Me viene con frecuencia a la cabeza la pregunta de si la tecnología, al final, después de tantas vueltas, de tantos avances, de tantas innovaciones, realmente nos hace más felices. Miro a mi smartphone, ese órgano nuevo de mi cuerpo, esa extremidad de silicio, ese cerebro artificial que parasita mi cerebro, siempre pidiendo casito, siempre metiendo mi atención en la picadora, y no lo tengo claro. Pobrecito, él qué culpa tiene, si le programaron para esto.
Recuerdo los tiempos pre Internet: no echábamos de menos la Red, la mayoría de la población (excepto algunos visionarios tipo Isaac Asimov) ni siquiera concebíamos una idea semejante. ¿Conectar todos los ordenadores del mundo?
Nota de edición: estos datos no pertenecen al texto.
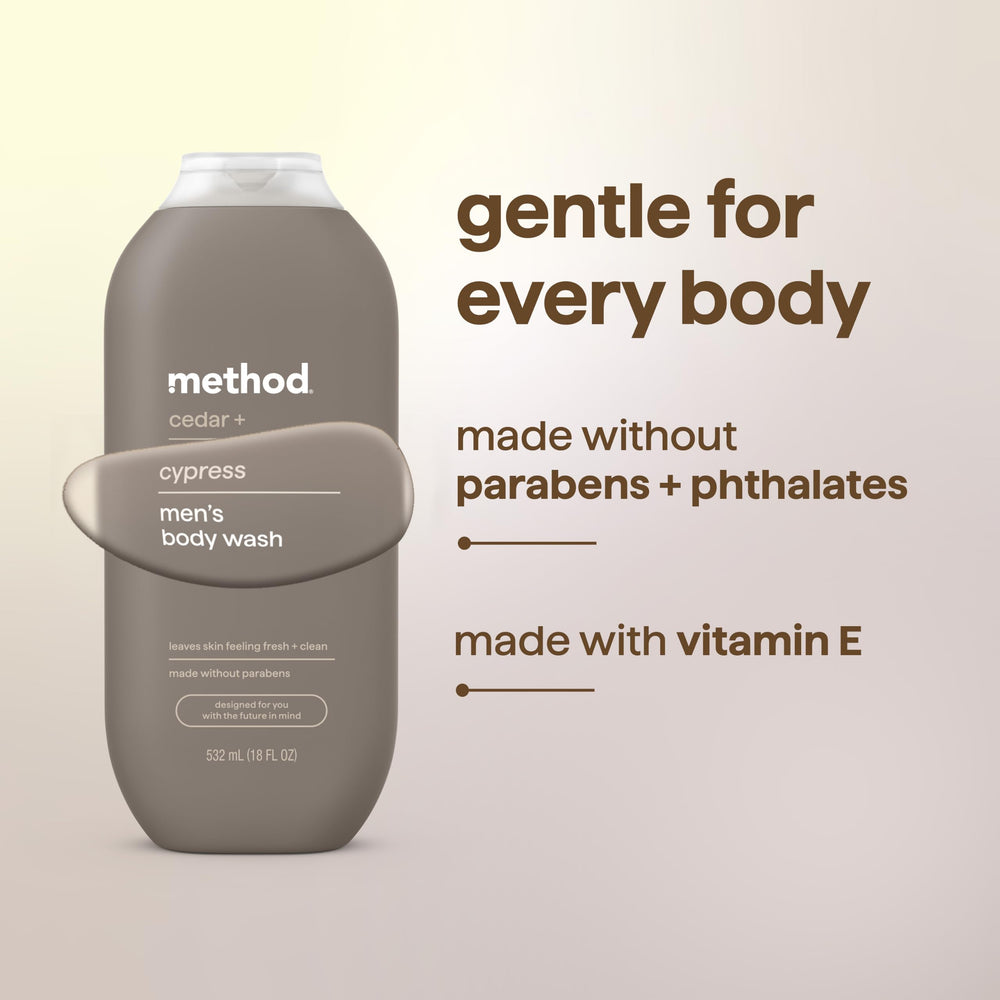 Method bottle in hand showing 18 fl oz size for lasting daily use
Así, a priori, ni siquiera parecía un panorama especialmente excitante. No había teléfonos móviles, pero nadie tenía la necesidad de mandar guasaps o cambiar la ubicación de una cita en el último momento. Había más plantones, eso sí, y si no llegabas a tiempo a la cita con tu pandilla luego te pasabas la tarde buscándola por el centro comercial o por el Oviedo Antiguo. Si un viajero temporal me hubiese intentado explicar en los años 90 qué sería el Facebook, me hubiera costado entenderlo. De hecho, cuando me hice el perfil de Facebook, en 2008, tardé semanas en verle la gracia o la utilidad.
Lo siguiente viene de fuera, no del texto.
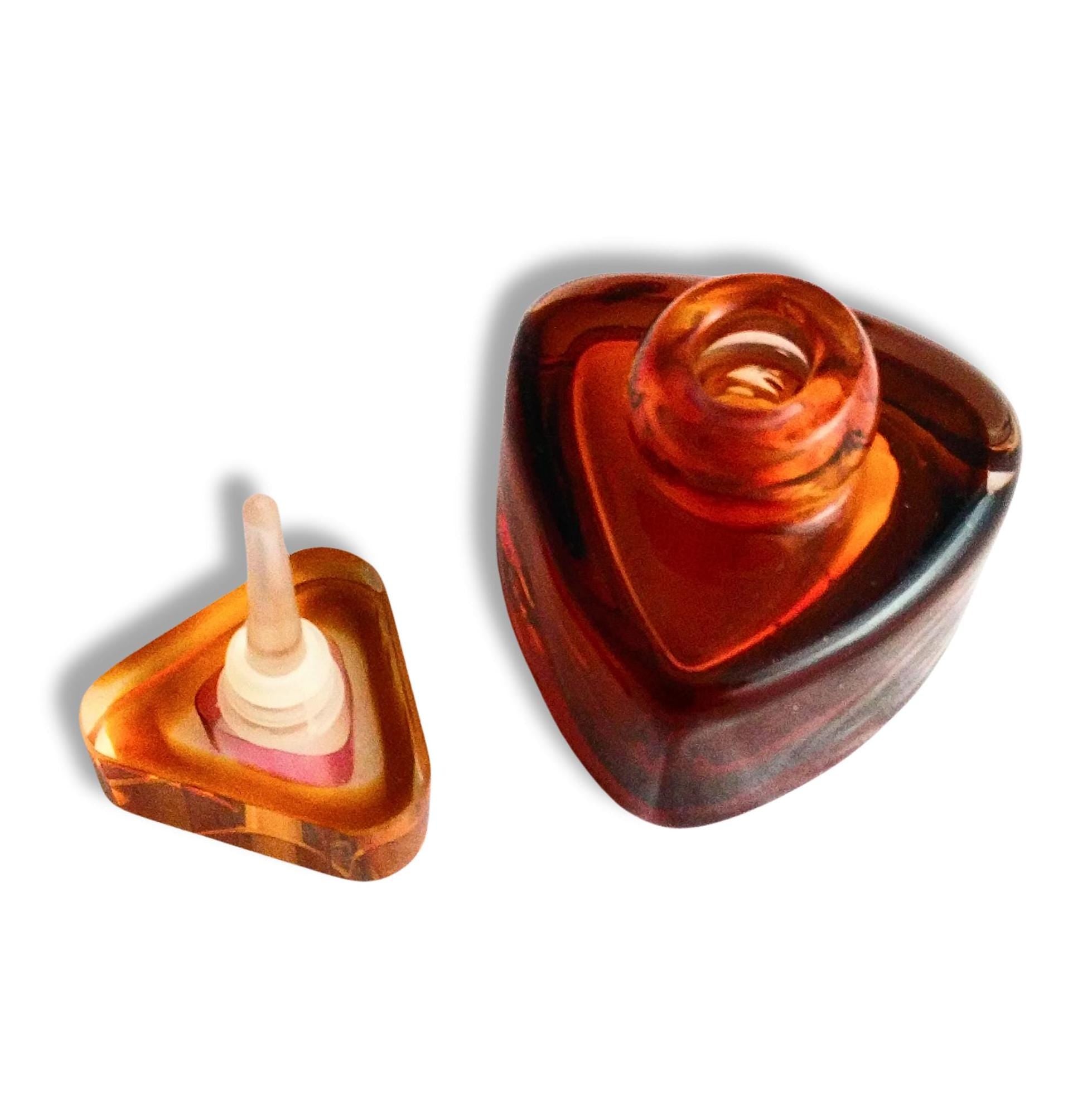 Perfume bottle vintage Murano perfume bottle amber small art Glass Perfume Bottle rare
Ahora la tecnología no está claro si está a nuestro servicio, o nosotros al suyo. La aparición del smartphone, hace no tanto como parece, es un hito fundamental en la dominación tecnológica sobre el humano: el aparato que nos prometía más libertad se convirtió en una cadena más larga que nos ataba allí donde estuviéramos. Ahora mediatiza nuestra vida, convirtiéndonos en ciborgs. La cosa que más pereza me da de ser padre es educar a mi hija en el correcto uso de lo tecnológico y me aterra el hecho de que Candela nunca va a conocer el mundo previo a esta última revolución tech, un mundo sin Internet y sin smartphone, un mundo radicalmente distinto. Nunca tendrá nada con qué comparar su uso de la tecnología y comprobar si es excesivo o demente.
Es común que las personas pensemos que el fin de la tecnología es hacer felices a las personas, liberarlas de la maldición divina del trabajo, facilitar la plácida existencia, como un mayordomo robótico. No lo tengo tan claro: la tecnología suele servir para mejorar la vida de quien la diseña y la vende, eso para empezar, pero respecto a los demás puede tener usos virtuosos o catastróficos, como un cuchillo de cocina: la Inteligencia Artificial que supera a la humana y somete a la Humanidad, por ejemplo.
El concepto filosófico del Determinismo Tecnológico dice, incluso, que el desarrollo de la tecnología va por libre, y que es imposible para los seres humanos domar ese desarrollo: quizás la protagonista de la Historia del Universo no sea la Humanidad, quizás solo seamos lo que posibilita y antecede la llegada del verdadero sujeto de la Historia: la Tecnología. Frente a esta idea, algo apocalíptica, hay quien dice que la tecnología debe ser controlada por los humanos, y que se puede hacer desde la política, regulando asuntos como la proliferación nuclear, el espionaje digital o cierta experimentación genética. Que sí se puede. A ver si es verdad.